JCB 6/02: distance from primary edge to tertiary center 24.75 inches, corrected for hypotenuse gives 13.87, plus 1 for sag gives 14.87 inches. Distance from tertiary to secondary is 47.71. Distance from primary edge to secondary center is 64.81, corrected for hypotenuse is 61.48, plus 1 for sag is 62.48. (Note for consistency check: ) Tertiary to CCD mount is 42.19 inches. CCD mounting plate measured to be .375 inches. Apogee web site gives 1.161 inches for distance from front of camera to CCD.
JH 6/02: distance from primary edge to tertiary center 24.625 inches, corrected for hypotenuse gives 13.64, plus 1 for sag gives 14.64 inches.

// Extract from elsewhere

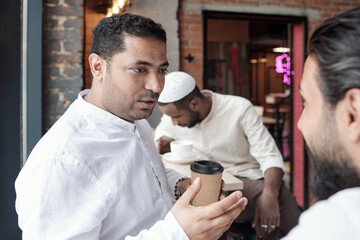 Canvas Print - Arabian Man Drinking Coffee With Friend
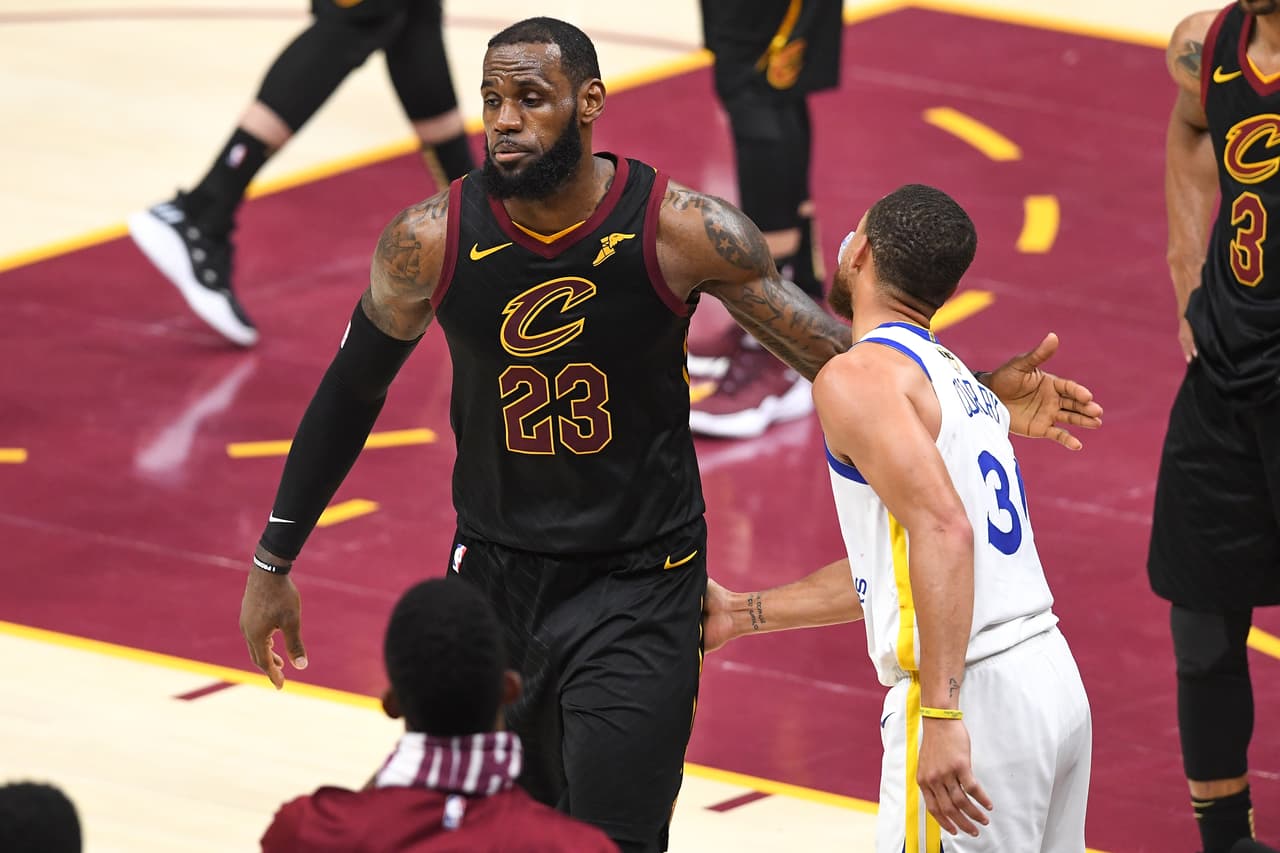 CLEVELAND, OH - JUNE 08: LeBron James #23 of the Cleveland Cavaliers shakes hands with Stephen Curry #30 of the Golden State Warriors during Game Four of the 2018 NBA Finals at Quicken Loans Arena on June 8, 2018 in Cleveland, Ohio. NOTE TO USER: User expressly acknowledges and agrees that, by downloading and or using this photograph, User is consenting to the terms and conditions of the Getty Images License Agreement. (Photo by Jason Miller/Getty Images)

Distance from tertiary to secondary is 47.875. Distance from primary edge to secondary center is 64.875, corrected for hypotenuse is 61.55, plus 1 for sag is 62.55. (Note for consistency check: )

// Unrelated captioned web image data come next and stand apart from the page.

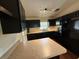 Modern kitchen features dark cabinetry, updated appliances, and a bright countertop, ideal for cooking at 1528 Baltimore Dr, Orlando, FL 32810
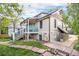 Exterior view with a small porch, stone accents, and lovely landscaping with a walking path in the backyard at 2507 9Th St, Boulder, CO 80304
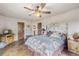 Cozy bedroom with southwestern-style decor featuring rustic wood furniture and a ceiling fan at 28098 Green Valley Ln, Conifer, CO 80433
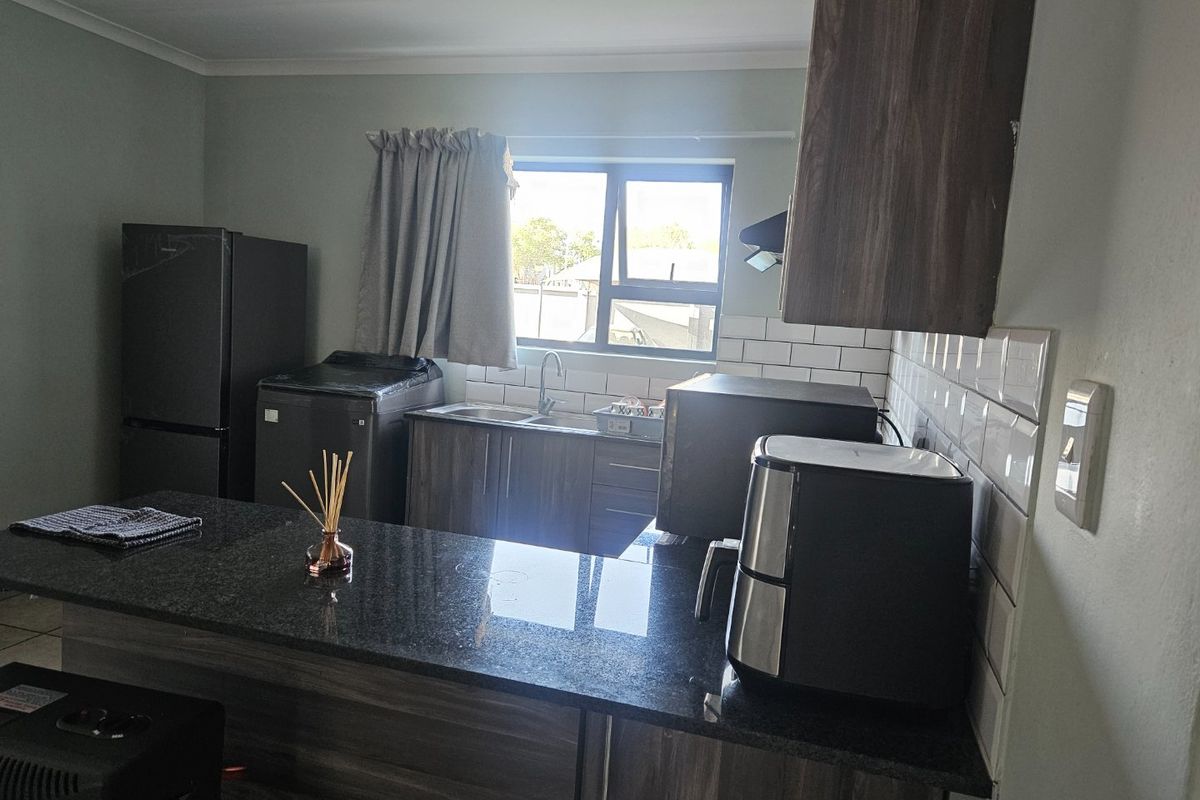A functional kitchen featuring dark wood cabinetry, granite countertops, and a classic white subway tile backsplash with a window for natural light.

JH/JCB 6/02: microscope gives distance from front window of Apogee to CCD surface is 0.802 inches. Micrometer give 0.682 inches from front mounting surface to front window. Mounting plate thickness 0.375 inches.

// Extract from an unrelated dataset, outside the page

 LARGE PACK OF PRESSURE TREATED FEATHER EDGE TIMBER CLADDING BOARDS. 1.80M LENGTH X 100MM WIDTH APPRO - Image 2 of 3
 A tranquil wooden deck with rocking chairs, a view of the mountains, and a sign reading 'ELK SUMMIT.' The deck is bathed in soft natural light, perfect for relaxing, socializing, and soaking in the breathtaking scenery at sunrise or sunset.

Summary (numbers in parentheses are derived from other measurements) :
distance | design | Zemax | JCB 4/02 | JH/DS 5/02 | JCB 6/02 | JH 6/02 |
primary-secondary | 62.648 | 62.66 | 63.14 | 62.5+,62.68 | 62.48 | 62.55 |
secondary-tertiary | 49 | 48.66 | 48.31 | 47.56 | 47.71 | 47.875 |
primary-tertiary | (13.648) | (14) | (14.83) | (15.12) | 14.87 | 14.64 |
tertiary-rotator mount | 31.25 | (31.622) | (31.627) | (31.622) | ||
rotator mount-filter mount | 10.75 | 10.563(design) | 10.563 | 10.563 | ||
tertiary-filter mount | (42) | 42.185 | 42.19 | 42.185 | ||
CCD mounting plate thickness | 0.375 | .375 | .375 | |||
front of camera to CCD | 1.161 | 1.109 | 1.109 | |||
tertiary-focal plane | 41.648 | 41.93 | (43.54) | (43.72) | (43.67) | (43.67) |
(secondary-focal plane) | 90.648 | 90.59 | (91.84) | (91.28) | (91.38) | (91.545) |
Adopt as-built:
primary-tertiary | 14.8 |
tertiary-secondary | 47.875 |
tertiary-filter mount | 42.185 |
mounting plate | .375 |
camera surface-CCD | 1.11 |
In measured configuration, secondary has range to move approximately 0.125 inch away from primary, and 1 inch towards primary. Primary support could be modified to move primary towards secondary (e.g. increase pad thickness), but not necessarily further away.
For new design, modify distances conservatively given freedom to adjust primary towards secondary, secondary towards tertiary, and CCD away from tertiary:
primary-tertiary | 14.6 |
tertiary-secondary | 47.5 |
tertiary-filter mount | 42.2 |
mounting plate | .375 |
camera surface-CCD | 1.11 |
In early May 2004, we pulled the primary and removed the plastic sleeve. The sleeve was smoothed at the Sunspot machine lab, so the tolerances are now even greater than before. In addition, the sleeve was unable to go all the way to the bottom of the stovepipe because of the weld there, so the inner bottom part of the sleeve was ground away to allow the sleeve to go to the bottom, and hopefully, not get pushed around by thermal expansion at the weld.